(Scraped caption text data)
—————
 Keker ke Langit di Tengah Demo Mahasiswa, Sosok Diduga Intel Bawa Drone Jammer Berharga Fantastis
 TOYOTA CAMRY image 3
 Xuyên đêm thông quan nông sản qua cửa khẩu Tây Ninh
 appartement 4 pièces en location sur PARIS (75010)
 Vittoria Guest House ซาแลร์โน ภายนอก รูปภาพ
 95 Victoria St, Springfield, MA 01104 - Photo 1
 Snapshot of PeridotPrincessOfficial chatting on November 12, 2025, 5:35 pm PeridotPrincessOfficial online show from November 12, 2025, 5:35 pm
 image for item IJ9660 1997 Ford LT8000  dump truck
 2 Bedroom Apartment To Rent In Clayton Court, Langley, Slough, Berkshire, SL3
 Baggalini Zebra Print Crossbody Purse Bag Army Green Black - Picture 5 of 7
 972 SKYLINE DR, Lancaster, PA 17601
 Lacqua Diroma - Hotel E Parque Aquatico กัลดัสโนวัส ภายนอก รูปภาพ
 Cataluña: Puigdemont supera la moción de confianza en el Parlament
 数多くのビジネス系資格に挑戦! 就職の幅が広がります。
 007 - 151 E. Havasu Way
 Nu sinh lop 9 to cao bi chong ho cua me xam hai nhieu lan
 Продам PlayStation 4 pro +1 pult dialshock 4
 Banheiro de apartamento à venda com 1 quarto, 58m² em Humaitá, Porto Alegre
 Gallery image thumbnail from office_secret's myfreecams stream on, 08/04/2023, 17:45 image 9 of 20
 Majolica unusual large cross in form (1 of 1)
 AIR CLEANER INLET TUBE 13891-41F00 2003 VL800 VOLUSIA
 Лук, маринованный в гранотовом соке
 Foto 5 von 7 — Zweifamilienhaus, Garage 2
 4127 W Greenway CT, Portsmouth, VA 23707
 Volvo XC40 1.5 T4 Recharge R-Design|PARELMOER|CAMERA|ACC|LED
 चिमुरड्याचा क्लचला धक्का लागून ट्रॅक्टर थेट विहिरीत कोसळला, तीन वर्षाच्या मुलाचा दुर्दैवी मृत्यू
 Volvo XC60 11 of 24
—————
## ACTIVITY
Repeat the lines from the first one in the records through the line containing "Vittoria Guest House ซาแลร์โน ภายนอก รูปภาพ", exactly as written, and nothing else.

## RESULT
 Keker ke Langit di Tengah Demo Mahasiswa, Sosok Diduga Intel Bawa Drone Jammer Berharga Fantastis
 TOYOTA CAMRY image 3
 Xuyên đêm thông quan nông sản qua cửa khẩu Tây Ninh
 appartement 4 pièces en location sur PARIS (75010)
 Vittoria Guest House ซาแลร์โน ภายนอก รูปภาพ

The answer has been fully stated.